The French bishops are formulating their plans to welcome possibly thousands of ‘climate pilgrims’ for the Paris talks. There will be an ecumenical gathering in Notre Dame Cathedral on December 3rd, and an interfaith gathering is also planned. Pilgrimages will arrive from Germany, Italy, the UK, Scandinavia, and Africa. Dominique Lang stressed the need for awareness-raising amongst those from developing countries, since some of these are and will be the first to be affected by climate change.
Justice and Peace Westminster has joined the Pray and Fast for the Climate initiative and are planning a Pilgrimage to Paris along with other Christians, inspired by the World Council of Churches initiative, led by Martin Kopp.
See http://rcdow.org.uk/diocese/justice-and-peace/ for details.
Cycling Pilgrimage to Paris
Justice and Peace are uniting with groups of Christians and of different faiths and backgrounds who want to see an international agreement on the reduction of carbon emissions at the UN Paris Climate talks in December 2015. To highlight the huge importance of these talks we plan to cycle to Paris to take part in rallies of support for climate justice and to meet other people of faith who want to see a change in our profligate use of fossil fuel.
- Download a flyer for the event here.
Phase 1 London-Newhaven Aug 29-31st 2015
Phase 2 Dieppe-Paris 1st week in December 2015
How to get involved:
email one of addresses below, with the subject heading:
LONDON PARIS CYCLE RIDE
Give us your full name and say:
- I want to cycle this route or
- I want to be a welcomer/supporter or
- I want to donate to the project or
- I want to know more about Pray and Fast for the Climate
Westminster RC Diocese justice@rcdow.org.uk
Arundel & Brighton RC Diocese aidan.cantwell@dabnet.org
Southwark RC Diocese office@southwarkjandp.co.uk
CAFOD Westminster jstricklin-coutinho@cafod.org.uk
Pax Christi Coordinator@paxchristi.org.uk
And we will keep you posted.
Thoughts on Fasting
The Diocese of Westminster Justice & Peace Commission is one of many groups and organisations praying and fasting for the climate every month in the run-up to the UN Paris Climate talks in December 2015. As we reflect on fasting during the season of Lent, we thought we’d share these thoughts from Joan Chittister, OSB:
Thoughts on Fasting
How do we explain the meaning of fasting in our own time? The answers ring with the kind of simplicity and depth common only to the holiest of disciplines. The fact is that the values of fasting strike to the heart of a person, sharpen the soul to the presence of God, and energize the spirit in a way engorgement never can.
Fasting calls a person to authenticity. It empties us, literally, of all the non-essentials in our lives so we have room for God. It lifts our spirits beyond the mundane.
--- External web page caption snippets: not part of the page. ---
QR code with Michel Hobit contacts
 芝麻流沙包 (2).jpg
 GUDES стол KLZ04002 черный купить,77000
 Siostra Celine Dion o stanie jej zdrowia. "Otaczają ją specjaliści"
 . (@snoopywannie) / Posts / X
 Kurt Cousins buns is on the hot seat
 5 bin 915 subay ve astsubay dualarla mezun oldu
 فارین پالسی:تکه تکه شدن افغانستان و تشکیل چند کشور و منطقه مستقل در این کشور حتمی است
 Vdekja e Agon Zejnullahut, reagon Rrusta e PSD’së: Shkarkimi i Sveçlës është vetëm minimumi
Fasting confronts our consumer mentality with a reminder of what it is to be dependent on God. It reminds us that we are not here simply to pamper ourselves. We are, indeed, expected to be our brother and sister’s keeper. We know why we are hungry. We voluntarily gave up the food we could have had. But why are they hungry? Where is the food they should be eating? And what can we do to fill them now that we are done filling only ourselves?
Fasting opens us to the truth. It makes space in us to hear others, to ask the right questions, to ingest the answers we have been too comfortable to care about for far too long. It makes room for adding “to our service a bit more prayer and reading and almsgiving,” as the Rule of Benedict says.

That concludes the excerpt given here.